◆ Try it ◆
The result should hold only the lines from the one with "Avec Les Filles" through the final line of the data below, transcribed exactly, pictures left out.

◆ Material provided ◆
....................
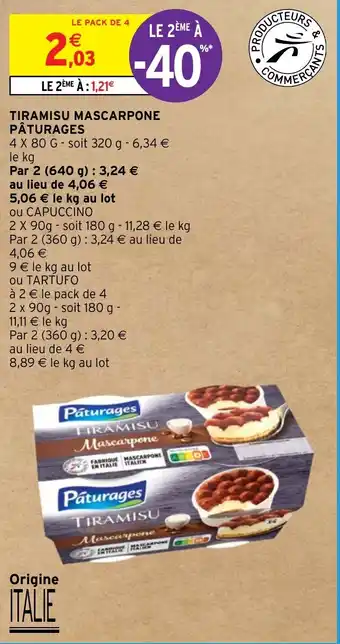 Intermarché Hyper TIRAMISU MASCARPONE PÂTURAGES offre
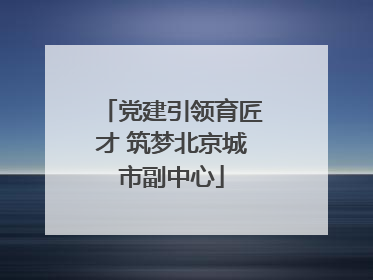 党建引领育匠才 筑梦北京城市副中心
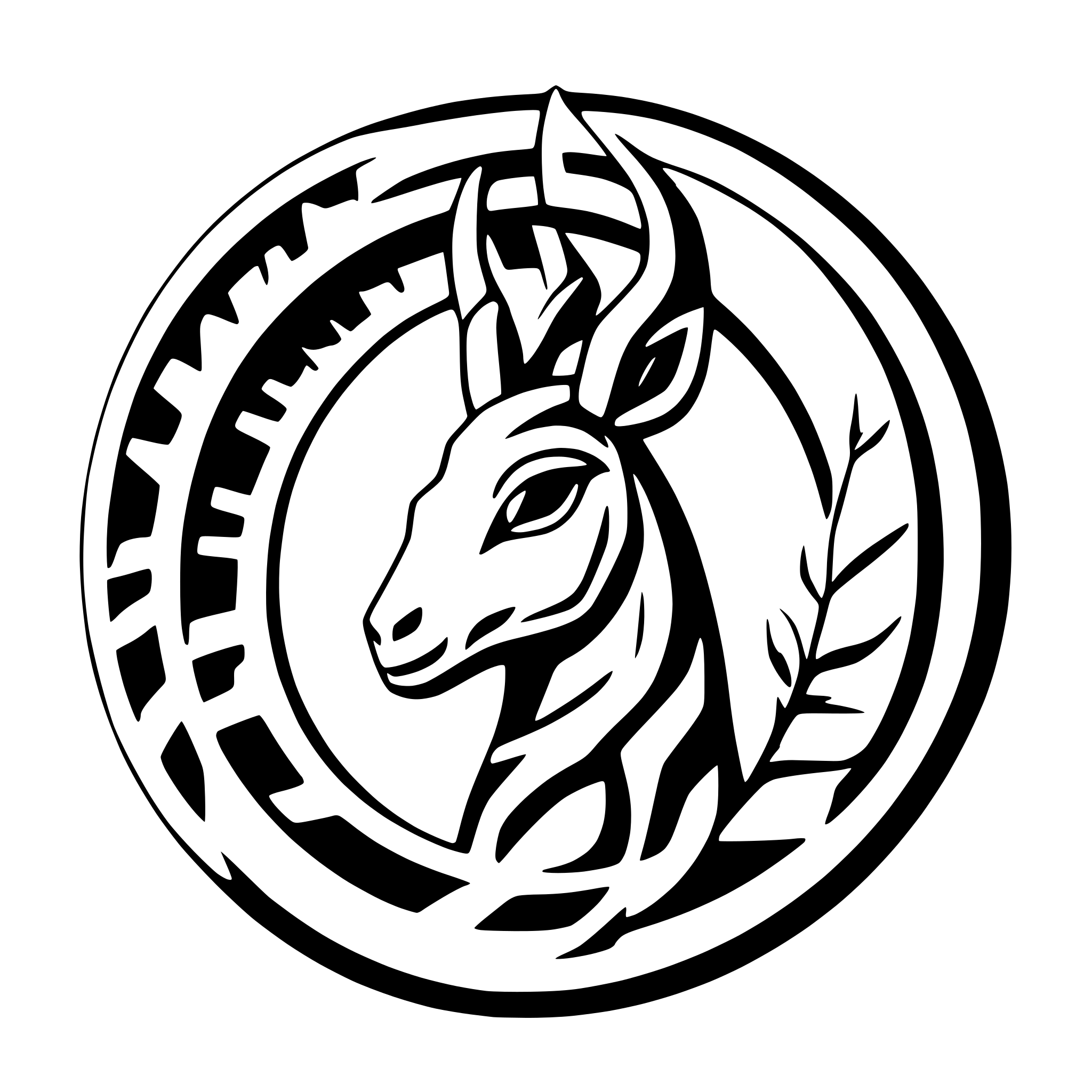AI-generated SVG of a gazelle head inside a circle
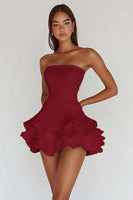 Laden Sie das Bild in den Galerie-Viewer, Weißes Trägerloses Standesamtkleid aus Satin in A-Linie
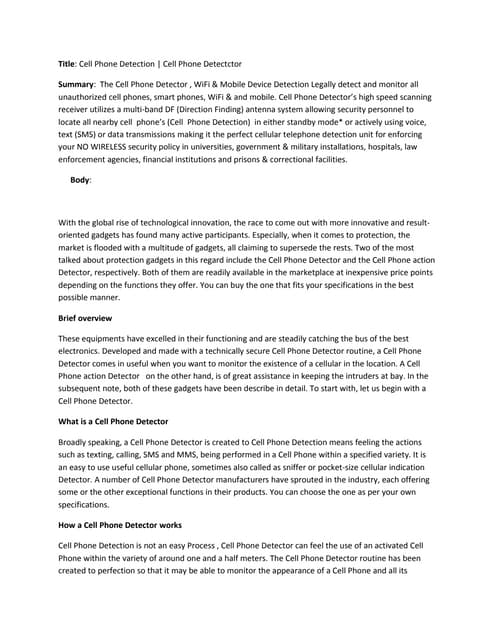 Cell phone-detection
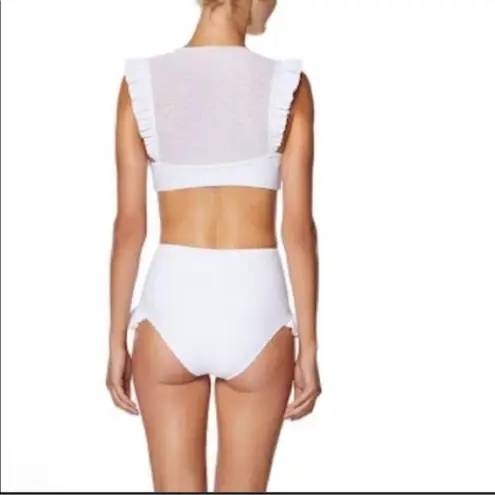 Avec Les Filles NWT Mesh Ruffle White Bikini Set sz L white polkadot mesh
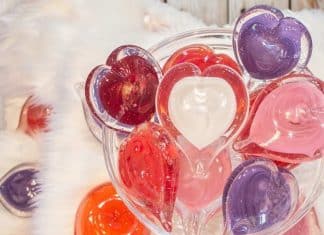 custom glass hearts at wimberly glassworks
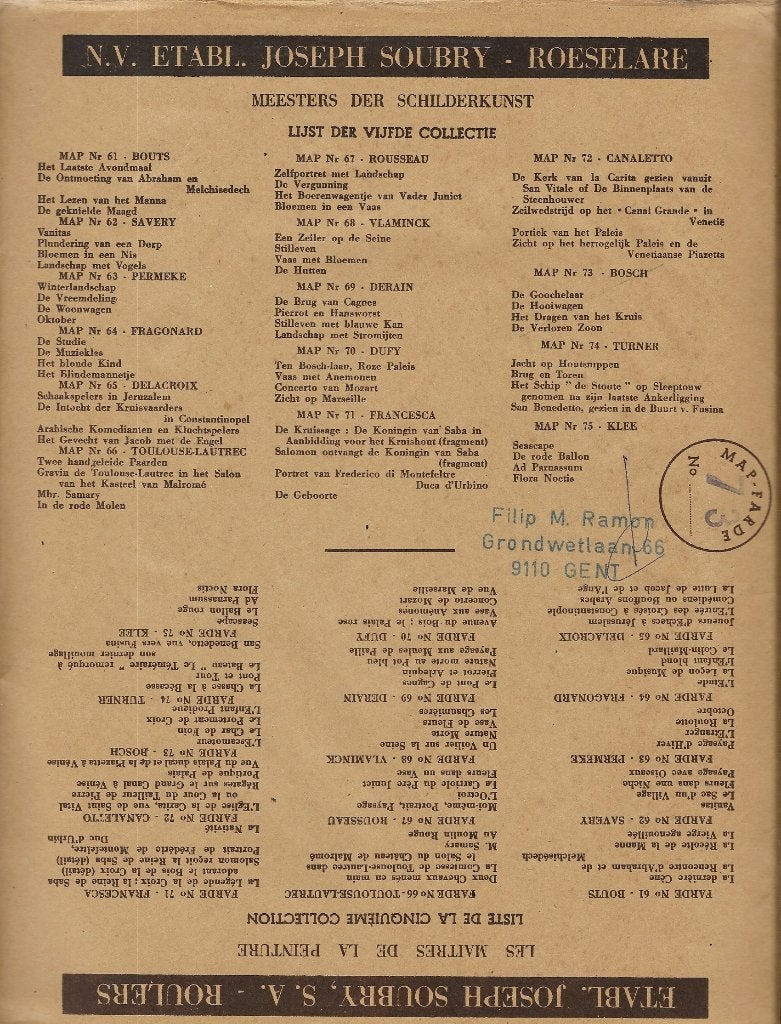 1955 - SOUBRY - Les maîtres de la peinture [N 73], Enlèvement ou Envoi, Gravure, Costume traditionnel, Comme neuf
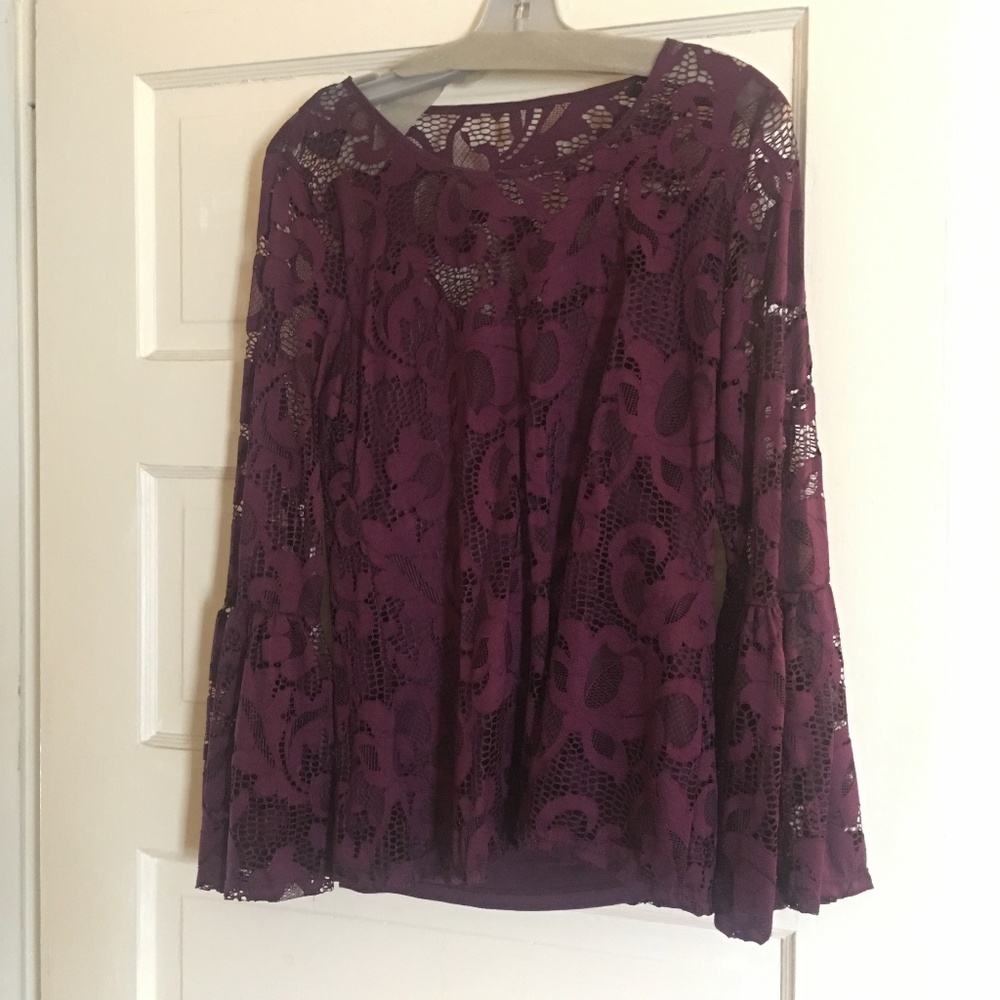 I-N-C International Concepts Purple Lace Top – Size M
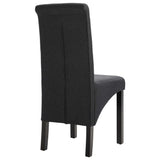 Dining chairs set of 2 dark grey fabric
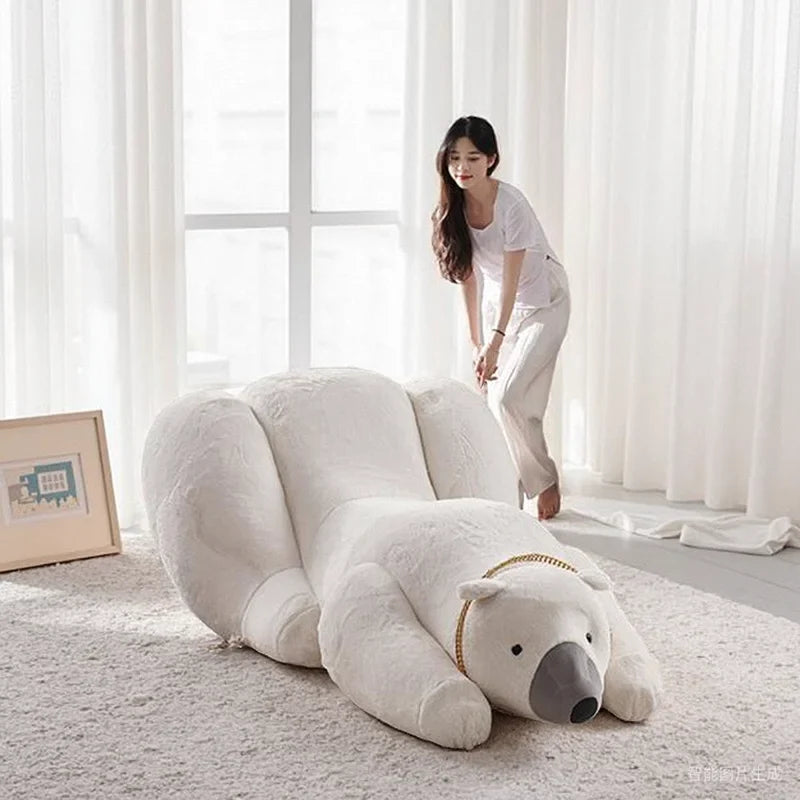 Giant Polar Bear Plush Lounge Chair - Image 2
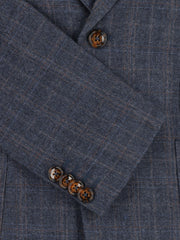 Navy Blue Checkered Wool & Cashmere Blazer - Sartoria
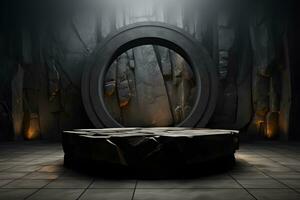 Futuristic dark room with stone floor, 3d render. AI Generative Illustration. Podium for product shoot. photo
....................
◆ The answer ◆
 Avec Les Filles NWT Mesh Ruffle White Bikini Set sz L white polkadot mesh
 custom glass hearts at wimberly glassworks
 1955 - SOUBRY - Les maîtres de la peinture [N 73], Enlèvement ou Envoi, Gravure, Costume traditionnel, Comme neuf
 I-N-C International Concepts Purple Lace Top – Size M
 Dining chairs set of 2 dark grey fabric
 Giant Polar Bear Plush Lounge Chair - Image 2
 Navy Blue Checkered Wool & Cashmere Blazer - Sartoria
 Futuristic dark room with stone floor, 3d render. AI Generative Illustration. Podium for product shoot. photo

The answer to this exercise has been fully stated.